Seattle was faced with the challenges of a car-dependent transportation system and the lack of options a little over 10 years ago. In 2006, Seattle voters passed a nine-year $365 million levy for transportation maintenance and improvements known as Bridging the Gap. In 2015, the new nine-year $930 million Levy to Move Seattle provided additional funding “to improve safety for all travelers, maintain [the] streets and bridges, and invest in reliable, affordable travel options for a growing city.” The on-the-ground transformation of the city streets took a little over 5 years – a blink of an eye in a life of the city.

What can the Mile High City learn from Seattle?

  • People will use transit if it’s frequent, fast, and dependable.
  • Buses can deliver a similar level of service to the light rail if we make room for them on our streets.
  • Strong leadership and vision can empower talented engineering staff to implement changes, sometimes overnight.
  • Change is possible and it does not have to take a long time.

Every transit rider is a pedestrian and transit is a natural extension of every pedestrian trip

We left Seattle inspired and armed with new ideas to expand WalkDenver’s work into transit advocacy.
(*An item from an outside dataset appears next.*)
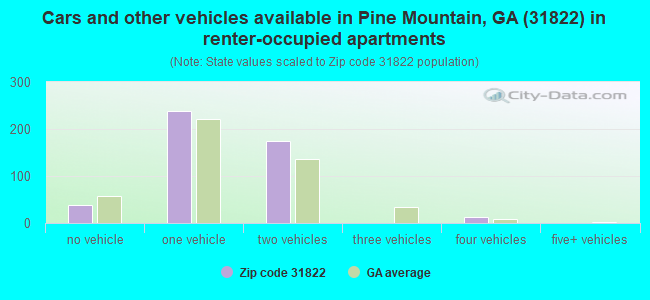 Cars and other vehicles available in Pine Mountain, GA (31822) in renter-occupied apartments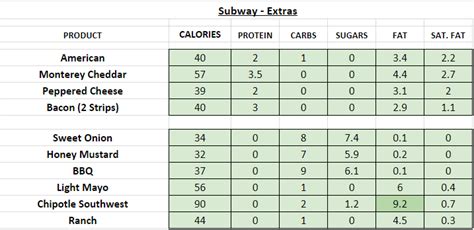 Subway (UK) - Nutrition Information and Calories (Full Menu)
As the City and County of Denver is developing the package for the GO Bond that will be voted on in November, we are excited about the opportunities that increased investments in pedestrian, transit, and bike infrastructure can bring to Denver. We are encouraged about the Denver Moves: Transit Plan and the upcoming pilot implementation of a dedicated bus lane on Broadway in August. Look for our our transit “red carpet events” this fall. Hoping to see you there!